→ **The task**
When you reach the records below, output every one exactly as written but leave out any pictures.

===== Provided material =====

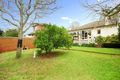 Property photo of 12 Faircroft Avenue Glen Iris VIC 3146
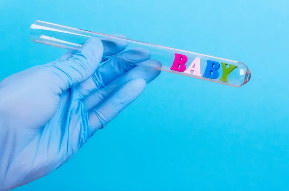 2026泰国第三代试管婴儿成功率如何？高不高？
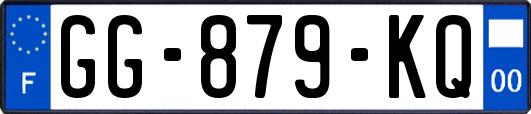 GG-879-KQ
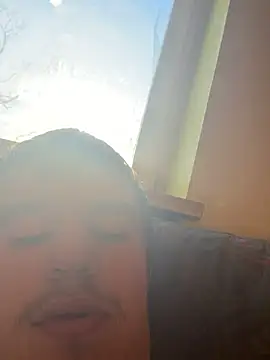 pussyhunter323557 online show from 04-07-26, 04:18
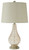 Home Accents/Lighting/Table Lamps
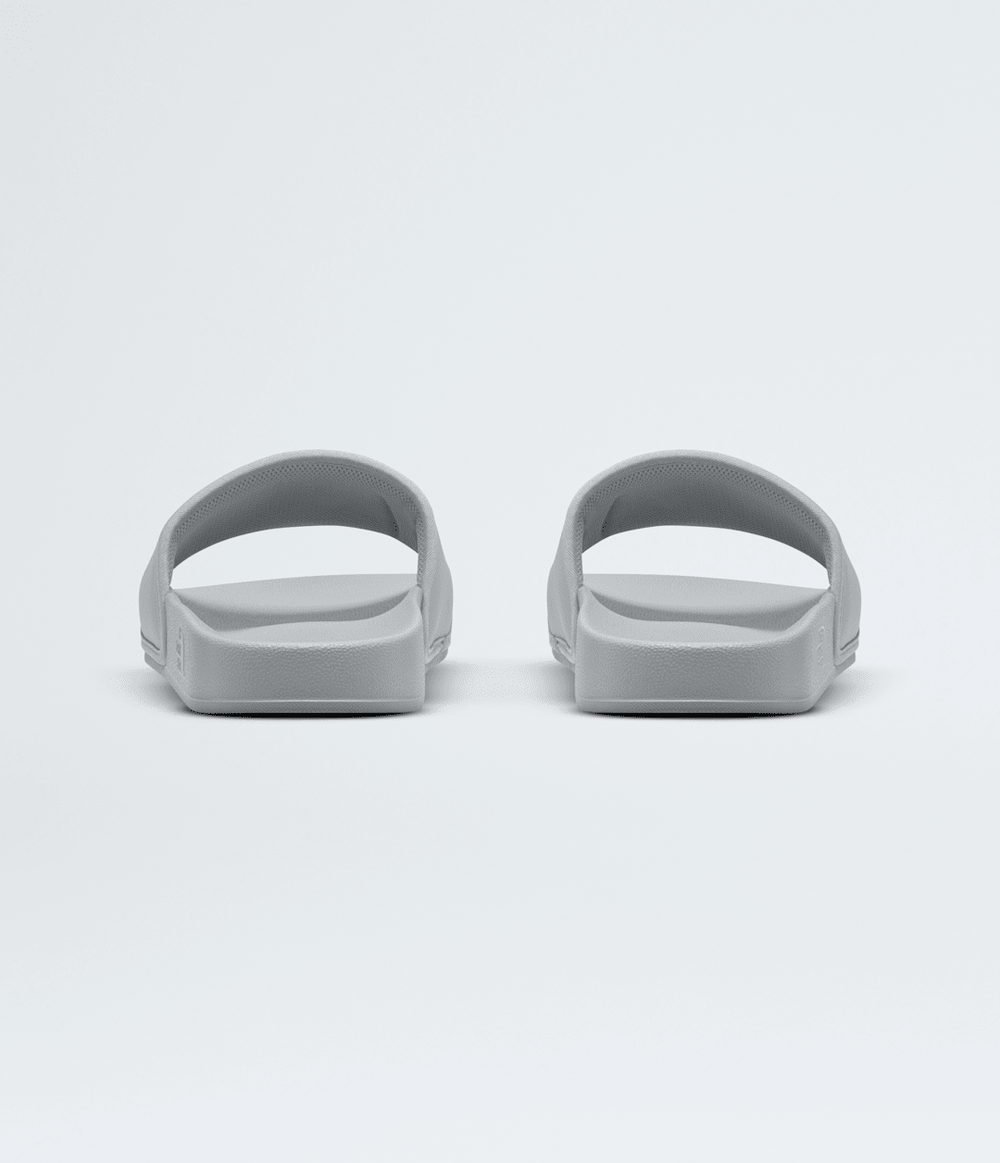 Men’s Base Camp Slides III / The North Face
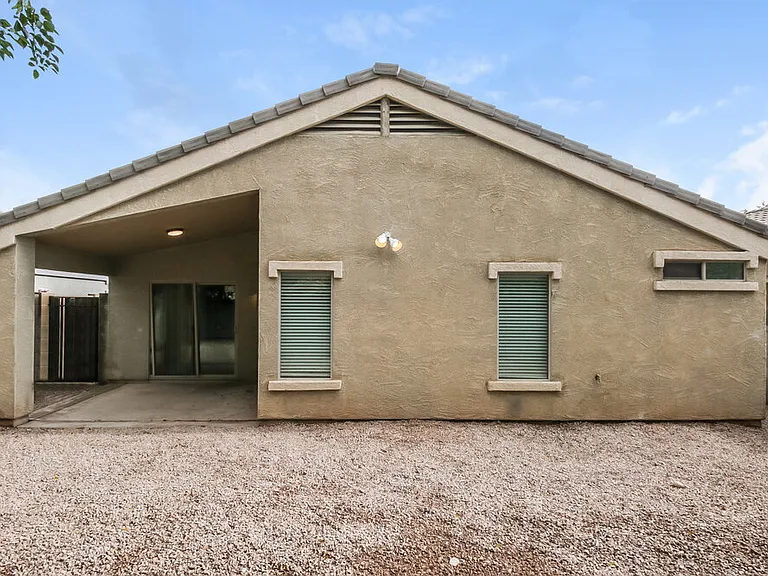 39378 N Parisi Cir — Photo 16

=====

→ **Solution below**
 Property photo of 12 Faircroft Avenue Glen Iris VIC 3146
 2026泰国第三代试管婴儿成功率如何？高不高？
 GG-879-KQ
 pussyhunter323557 online show from 04-07-26, 04:18
 Home Accents/Lighting/Table Lamps
 Men’s Base Camp Slides III / The North Face
 39378 N Parisi Cir — Photo 16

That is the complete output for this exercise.